For most University of Toronto students, their TCard is an everyday necessity. It is required identification for exams, as well access to campus resources such as libraries and athletics facilities. It also allows students to photocopy and print on campus, and purchase food or activate their meal plans at select campus locations.
Getting a TCard, however, might not be as easy as you think, as new documentation, besides proof of enrollment, is now required for the official U of T student photo identification card. Effective summer 2015, incoming U of T St. George students must now provide proof of citizenship, permanent residency, registration under the 1985 Indian Act, or immigration permission in order for the TCard Office to issue the identification.
Students whose citizenship information does not match their status in the university’s records will not be able to obtain a TCard.
“The university is always reviewing processes to see where improvements can be made. This one was identified in discussions with divisions; we felt that UTM and UTSC had a strong process in place and have adopted it for St. George,” said Richard Levin, the executive director, enrolment services and university registrar.
According to Levin, the new regulations were implemented due to provincial funding regulations that require the university to report on domestic and international enrolments. “Requiring documentation of status ensures that we are reporting accurately and complying with these regulations,” Levin said. “The process ensures that student records are accurate and that international students have government-required documentation.”
“Because I am having some issues providing identity proof documents it is possible that I won’t be able to obtain a TCard until December and in the meantime I don’t know what to do,” said Gloria Liu, a second-year student at U of T. Liu is therefore unable to obtain an official sch ool email and is unable to access university library resources online. She is hoping to resolve this issue before December so that she will be able to fully utilize the services that come along with having a TCard.
The new requirement may be especially problematic for U of T’s 11,000 international students, who come from over 150 different countries. Incoming first-year international student Violeta Lialios-Bouwman believes that extra documentation is unnecessary when a student has already been given a place at U of T.
“With the University of Toronto being an accepting and diverse school, I believe all people should have the right to learn and be part of this community. Having documentation should not be a factor in if a student is eligible to attend and be part of a school. As long as they pay their fees and play by the rules, university should be an option for any dedicated student,” Lialios-Bouwman said.

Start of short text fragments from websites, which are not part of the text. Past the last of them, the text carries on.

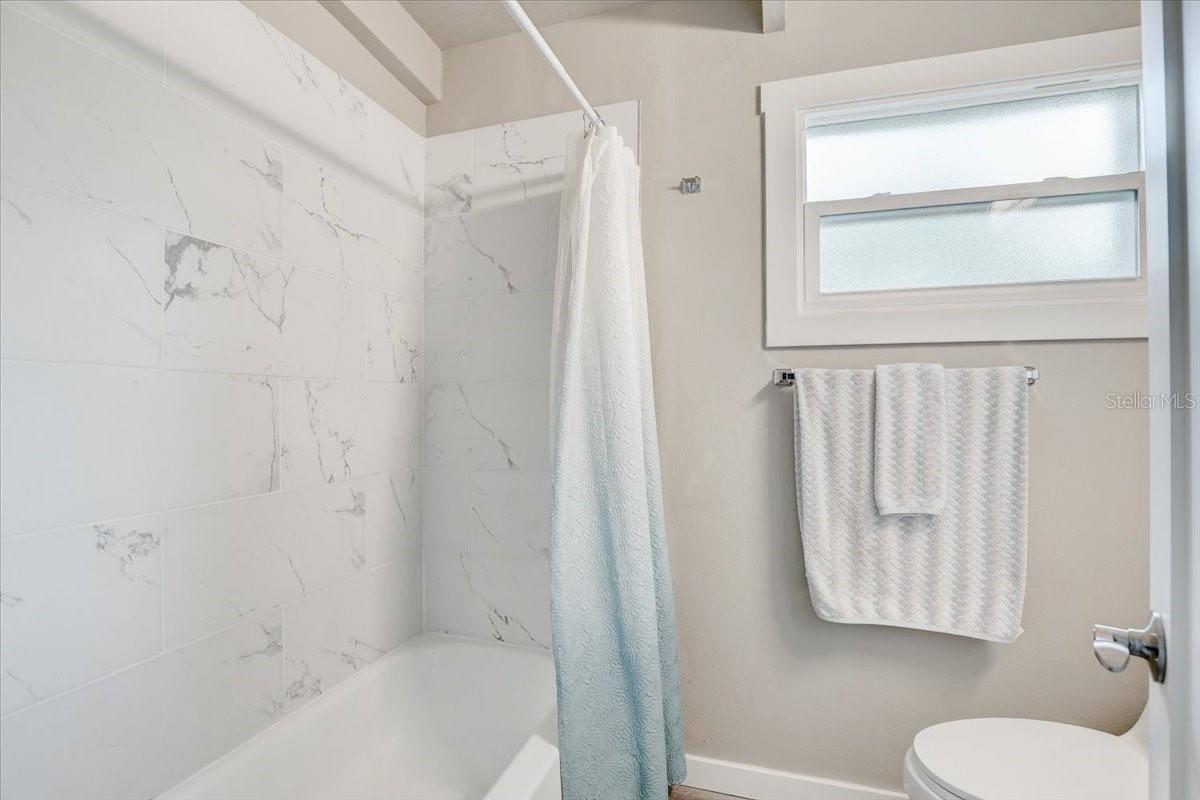 Image 23 of 28 For 2018 Windsor Way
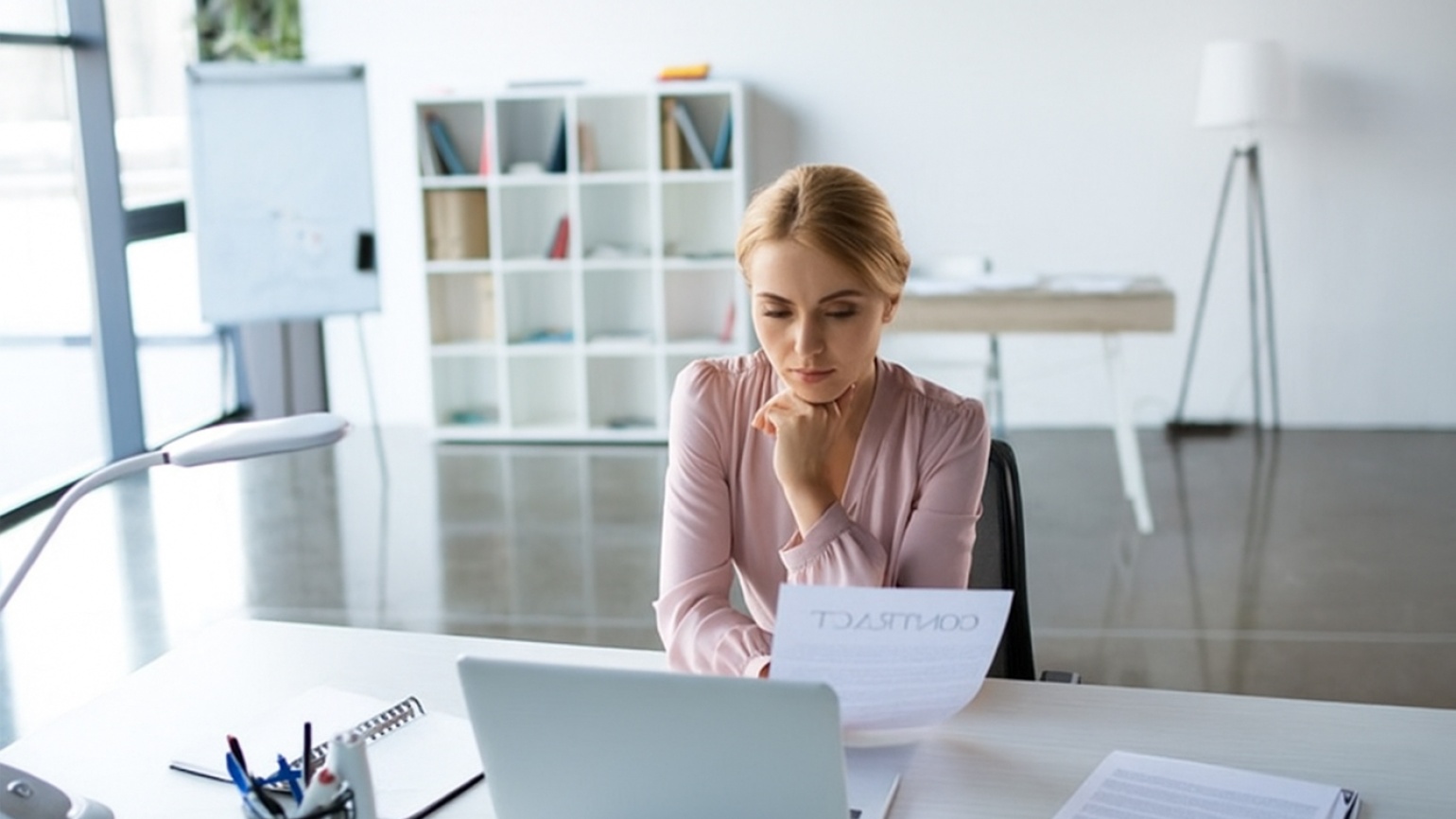 Bàn Lãnh Đạo, Vũ Khí Thầm Lặng Trong Chiến Lược Quản Trị Hiện Đại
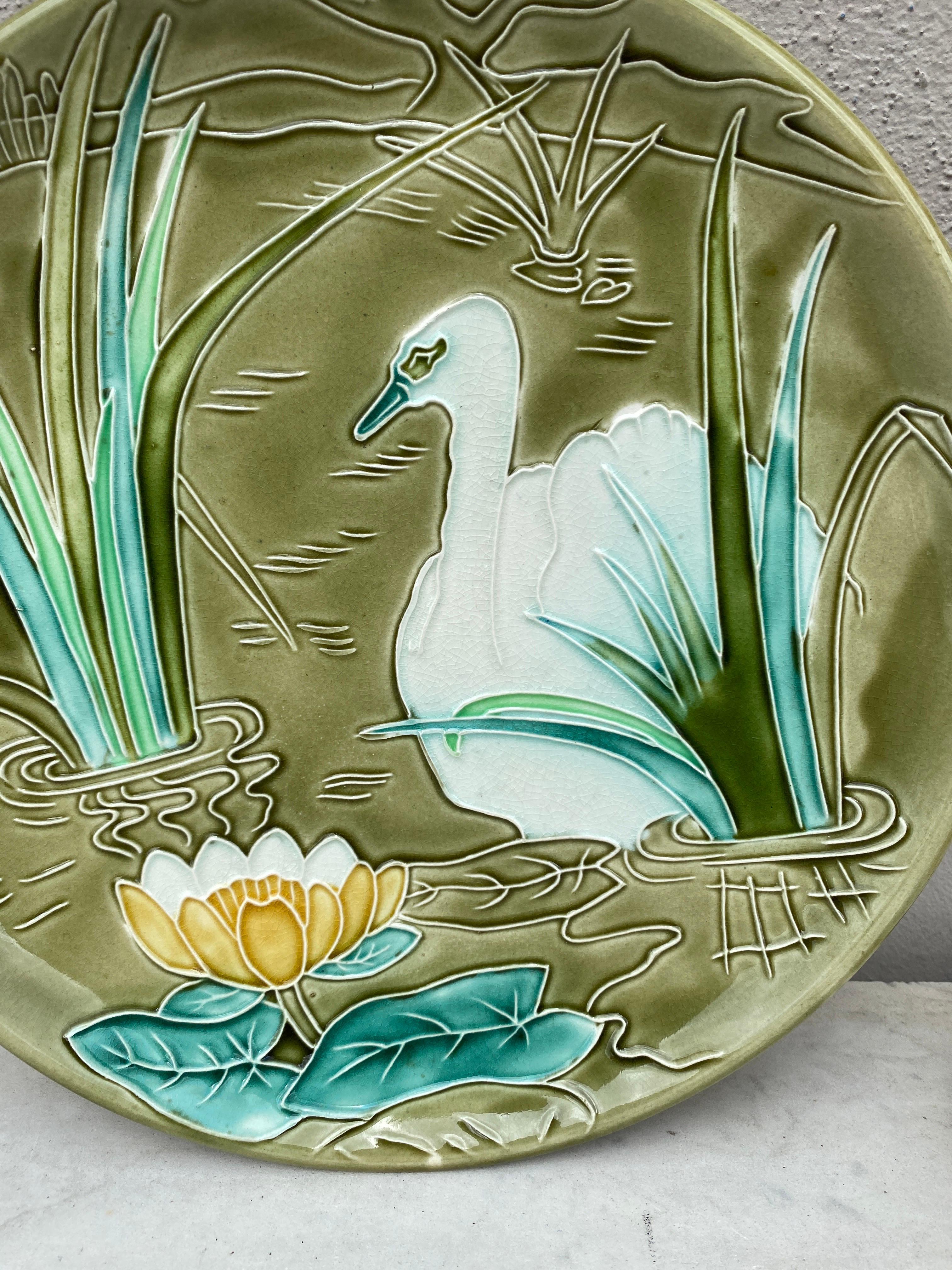 Large French Majolica Platter Swan Orchies Circa 1900 In Good Condition For Sale In Austin, TX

U of T is also home to a number of refugee students, many of whom may not possess the required documents for the new TCard process. “I can see this impacting refugee students if the student comes from a place that is no longer a state, or the recognized representative of a state. Requiring them to figure out what they can use in place of a passport, and whether or not they count as International or Permanent Residents is absolutely pointless,” said second-year political science and biodiversity, and conservation biology student Lucian Wang. “I think having photo ID should be enough to get your TCard.”